Ertuğrul Gazi Kültür ve Sosyal Dayanışma Derneği tarafından 32nci Ertuğrul Gazi’yi Anma ve Yörük Etkinlikleri kapsamında gerçekleştirilen programda, Eskişehir’in Karacaşehir câmiinde, Osman Gazi adına ilk kez Tursun Fakih tarafından okunan ve Osmanlı Cihan Devleti’nin kuruluşunu duyuran hutbe, Cuma namazı’ndan sonra, İmam tarafından tekrar okunmuş.
1. Haber, yapılan işler çok güzel: Cuma Hutbesi’nin hâkimiyet alâmeti, sembol olduğunu, bu derneğin yönetimi biliyor. Yetiştikleri şartlardan dolayı, altyapı eksikliği sebebiyle, bâzı târihçilerin de atladığı bu konuda, Ertuğrul Gazi torunlarının bilinçli olması, çok güzel.

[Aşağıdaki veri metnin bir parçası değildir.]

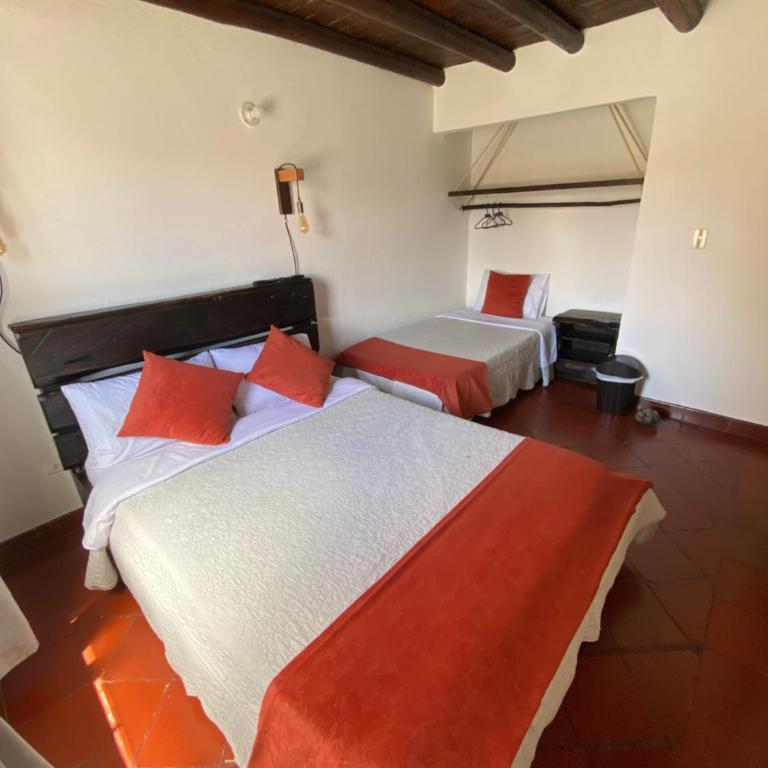 Hospederia Montano Alto - Habitación Triple con baño privado - 5
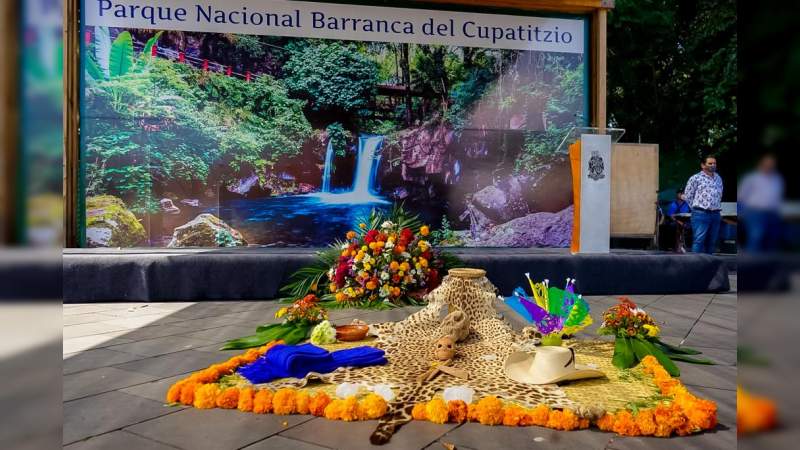 Nacho Campos refrenda compromiso de cuidar el Parque Nacional de Uruapan, Michoacán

2. Osmanlı’nın büyüklüğünü anlatmak için “Osmanlı Cihân Devleti” diye bildirilmesi de güzel. Sonradan konuşan bir zâtın, -okul kitaplarımıza kadar girmiş olan, son yıllarda düzeltilme yoluna giren bu ‘imparatorluk’ sözü, hoş değil, zamanla düzelecektir; bu konuda hâlâ uyanmayan, “imparatorluğun ‘üniformalı, resmî, şatafatlı’ eşkıyalık” olduğunu fark etmeyen tarihçiler de olduğuna göre, o güzel, mânâlı programdaki bu hata mâzûr görülebilir.
(Osmanlı arşiv belgelerinde, Osmanlılar zamanında yazılmış olam yazma kitaplarda, basılmış olan kitaplarda KESİNLİKLE “imparatoriye-i Osmaniyye” şeklinde bir ibare bulamazsınız. Osmanlı Bankası kurulduğu zaman da adı: “Bank-i Osmânî-yi Şâhâne” idi, ‘emperyal’ değil.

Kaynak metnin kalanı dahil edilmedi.